RAGServerApp.create (...)
|> ...
|> RAGServerApp.withIngestionStatusObserver composedObserver
|> ...

(ChainedObserver isn't shipped — it's a 5-line composition you write yourself.)

Replacing the AI Context page

The AI Context page is a UI for the standing-context entries persisted to _platform/kb-ai-context/{teamId}/entries.json. A custom AI-context UI replaces just the page, keeping the persistence and the standing-context builder:

// Custom AI-context page
let aiContextView model dispatch : PageContent = ...

// Custom multi-page module that omits the built-in /ai-context page
let myKnowledgeBaseModule () =
    ClientModule.create { ... }
    |> ClientModule.withPages [
        { Route = "/documents"; Label = "Documents"; View = documentsView }
        { Route = "/notes"; Label = "Notes"; View = notesView }
        { Route = "/my-ai-context"; Label = "AI Context"; View = aiContextView }
    ]
    |> ClientModule.register

The standing-context builder still reads from the same blob path; the difference is only in the page UI. Replace the entry-edit UX (drag-to-reorder, tag-per-entry, etc.) without changing the wire shape.

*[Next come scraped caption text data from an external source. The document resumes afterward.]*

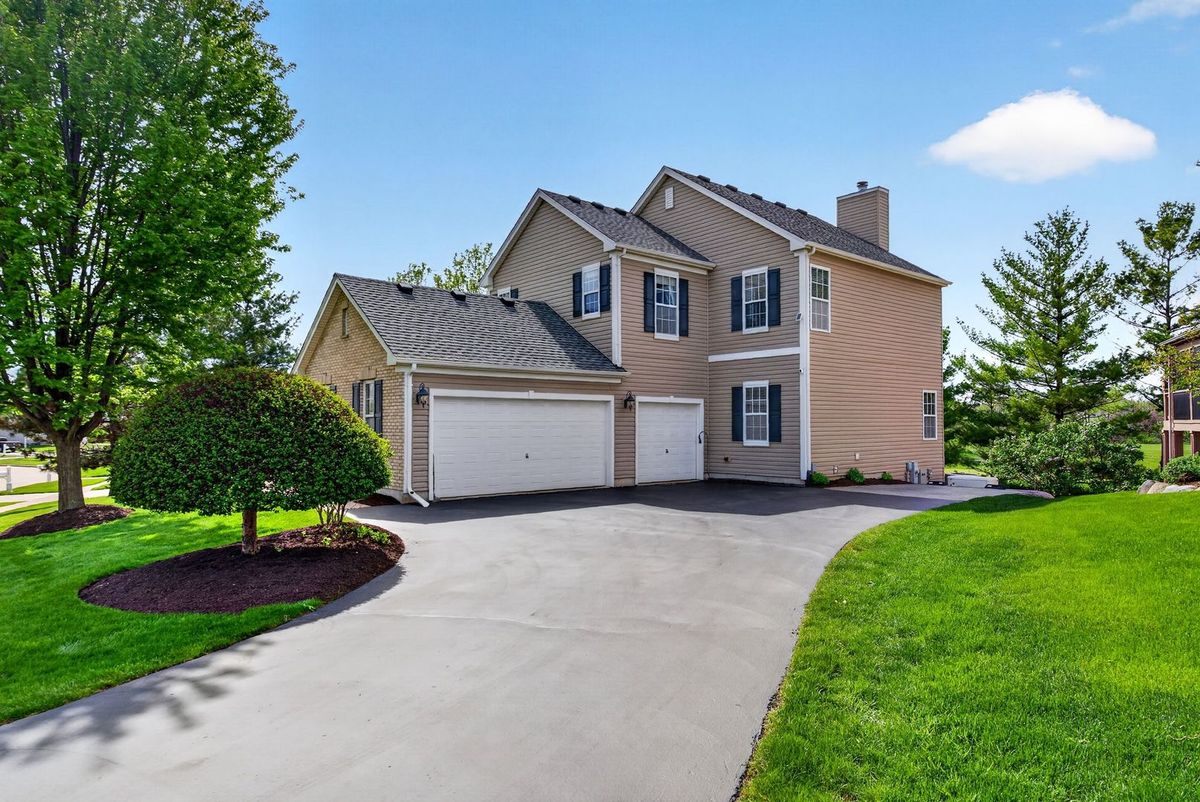 2107 Fairview Lane, Woodstock, IL 60098
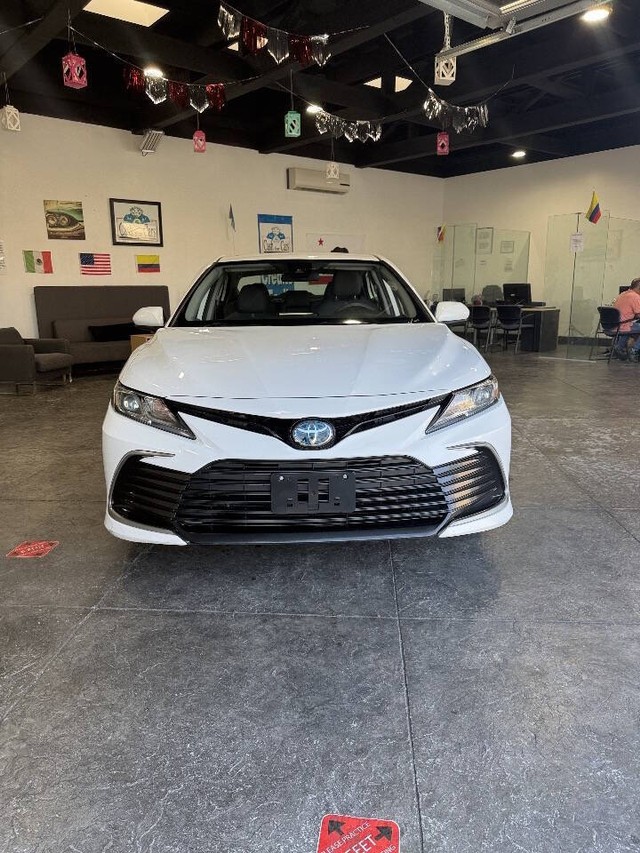 Toyota Camry Hybrid Vehicle Full-screen Gallery Image 03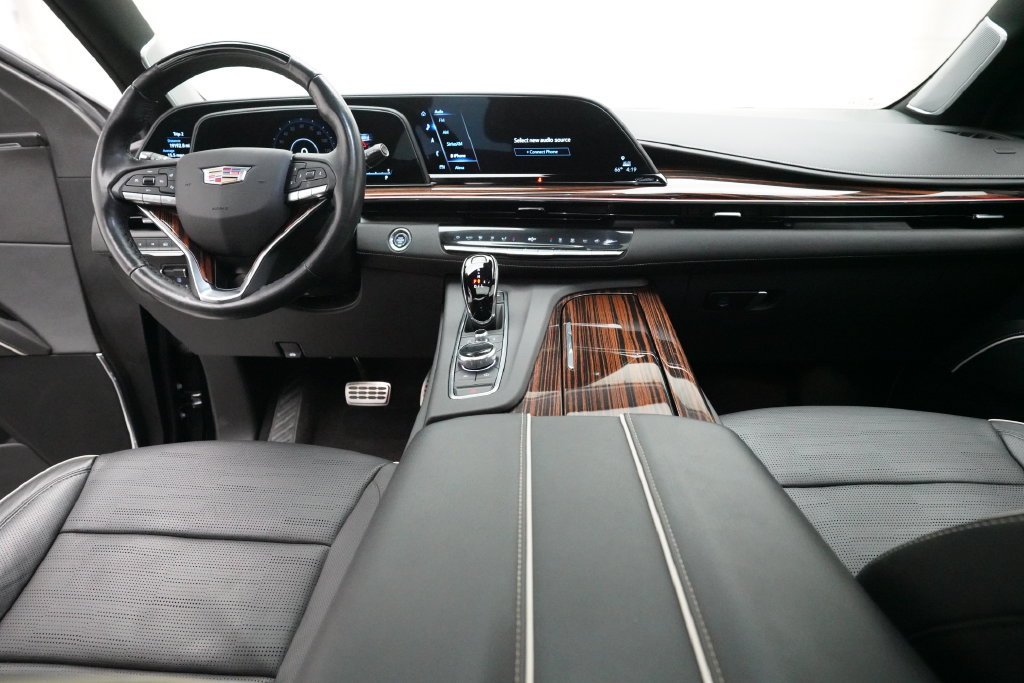 Used 2023 Cadillac Escalade Premium Luxury w/ Performance Package AWD/4WD image 4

Cross-module knowledge surfacing

A common pattern: surface knowledge from across modules via a single AI conversation. The narrative-commit mechanism gives modules a one-line path to push their content into KB:

// In SalesAnalysis ClientView.fs
let saveAnalysisToKB analysis =
    Toolup.NarrativeCommit.submit {
        Title = $"Sales analysis: {analysis.Title}"
        Body = formatAnalysisAsMarkdown analysis
        SourceModule = "SalesAnalysis"
    }

The narrative-commit handler indexes the markdown body; later chat queries retrieve the content. Multi-module insights aggregate naturally without any cross-module imports.

What can't be extended

The built-in KB module's Documents page UI — the Documents page UI itself isn't broken up into smaller components for partial replacement. To customise the upload UX, replace the whole module.
The PDF / PPTX / DOCX / XLSX extractors — they're internal to the package. To use a different PDF extractor, replace the module.
The narrative-commit dispatcher — Toolup.NarrativeCommit.submit is a single dispatch path. Multiple handlers can be registered (install is additive), but the dispatch routes to whichever handler matches first.

For deeper customisation than the extension points allow, the right shape is "fork the module structure into your own consumer code". Module source is fully visible (Fable companion ships fable/ source in the nupkg) so the cost is reading existing code, not reverse-engineering.